Trasferta amara quella del San Nicola per gli uomini di Walter Novellino. L’Avellino esce dallo stadio di Bari con una sconfitta, in rimonta, segnata dai due gol di Fedele.
La difficoltà della partita era nota e messa in preventivo, viste le difficoltà della squadra biancoverde e vista la crescita del Bari dopo l’arrivo di Colantuono. Gli irpini, dopo un primo tempo scarno di emozioni, in cui il Bari si era fatto vedere solo due volte dalle parti di Frattali, trovano il gol grazie all’inzuccata perfetta di Castaldo. Il numero 10 riceve un assist perfetto di Verde.
Alla ripresa Avellino in vantaggio, ma la trama della partita cambia poco. Entrambe le formazioni si affrontano a viso aperto, ma senza forzare le giocare e senza alzare allo stremo i ritmi. Portieri poco chiamati in causa. Il Bari, più dell’Avellino, deve fare a meno di molti uomini. Colantuono aveva chiesto una prova di maturità da parte dei giovani provenienti dalla formazione Primavera biancorossa. I suoi lo accontentano, sbagliando veramente poco.

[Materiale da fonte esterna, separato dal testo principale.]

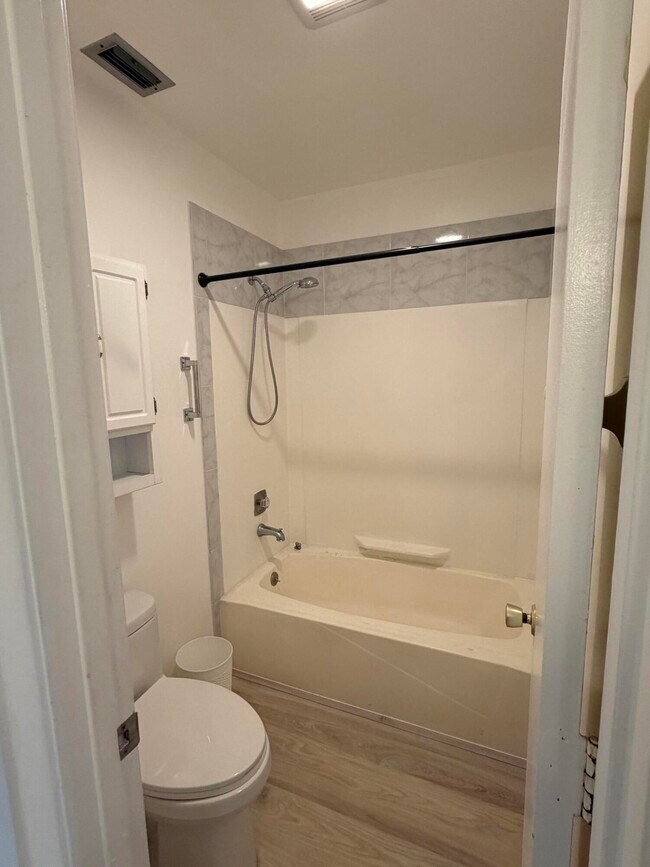 Building Photo - 1121 Cactus Terrace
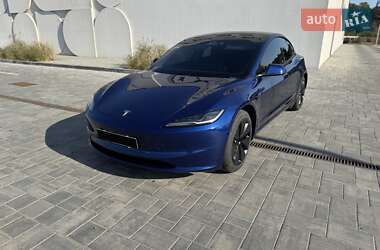 Tesla Model 3 2024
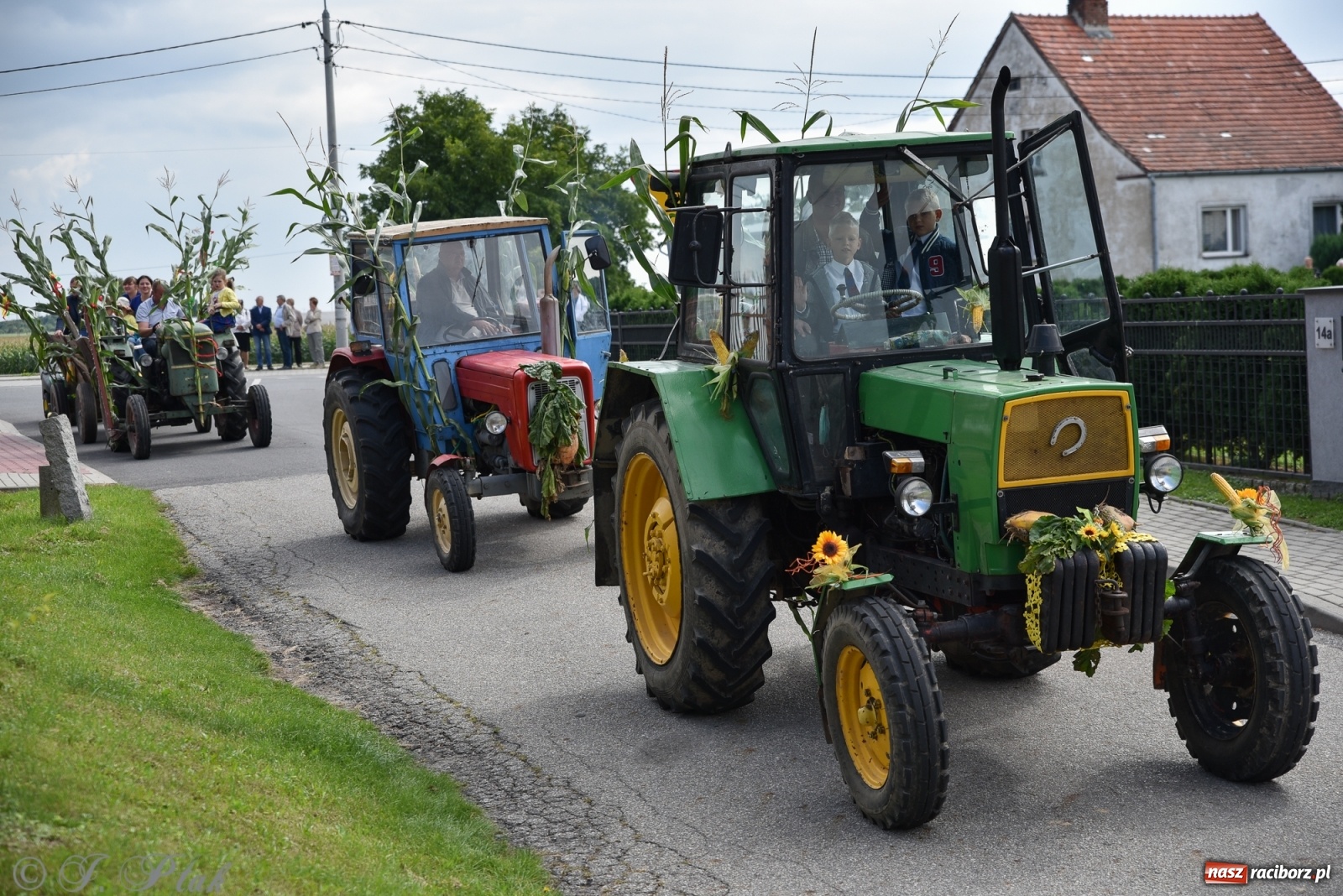 Zdjęcie w galerii na portalu naszraciborz.pl: Ciężki sprzęt i rowery. Dożynki w Szonowicach i Modzurowie wiadomości z regionu
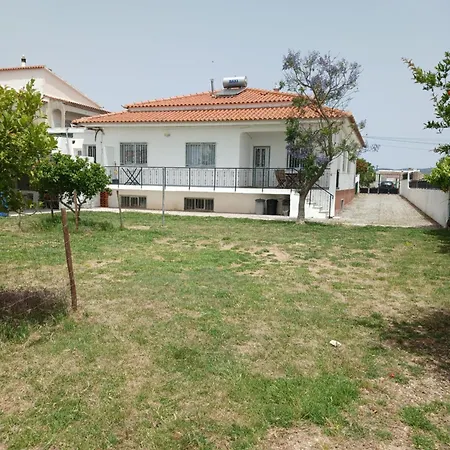 Belamandil Garden ,family Holidays ,caminho Do Torrejao בית נופש Olhão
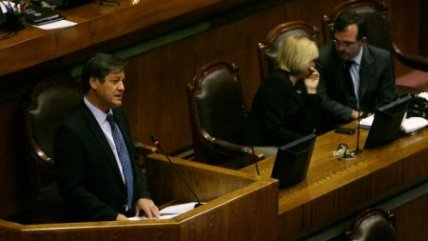 Los incidentes que obligaron a suspender sesión del salario mínimo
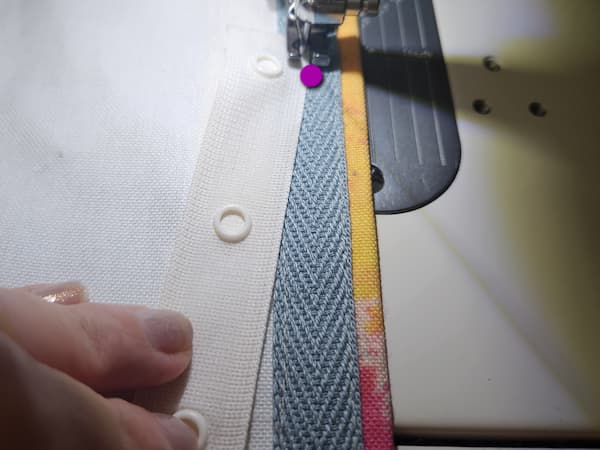 小さな本棚にもなるハンモックの作り方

Dal fronte Avellino grande prova di forza in fase difensiva nonostante i gol subiti, entrambi con due tiri dalla unga distanza. La retroguardia irpina è riuscita a tenere a bada un buon Maniera, un carino De Luca ed un ottimo Brienza. Fedele, con un ginocchio quasi uso, decide per tutti e segna una doppietta.
Poco prima del raddoppio pugliese l’Avellino aveva sfiorato il gol con Verde, ma la dura legge del gol non sbaglia: gol sbagliato, gol subito. Sulla prestazione biancoverde pesa molto la sfortuna. Negli sgoccioli del match Castaldo vede la trasferta negargli la prima doppietta stagionale, ma sopratutto, il pareggio utile per la situazione in classifica della sua squadra.
Una prestazione non insufficiente per i ragazzi agli ordini di Novellino, che pagano tanto la poca incisività in fase offensiva. Ardemagni delude, ma Mokulu è tra le ultime scelte del tecnico irpino, prima di lui anche Camarà subentrato proprio al posto dell’attaccante ex Perugia.
Resta al penultimo posto l’Avellio, che si avvicina alla chiusura del girone di andata in una situazione molto complicata.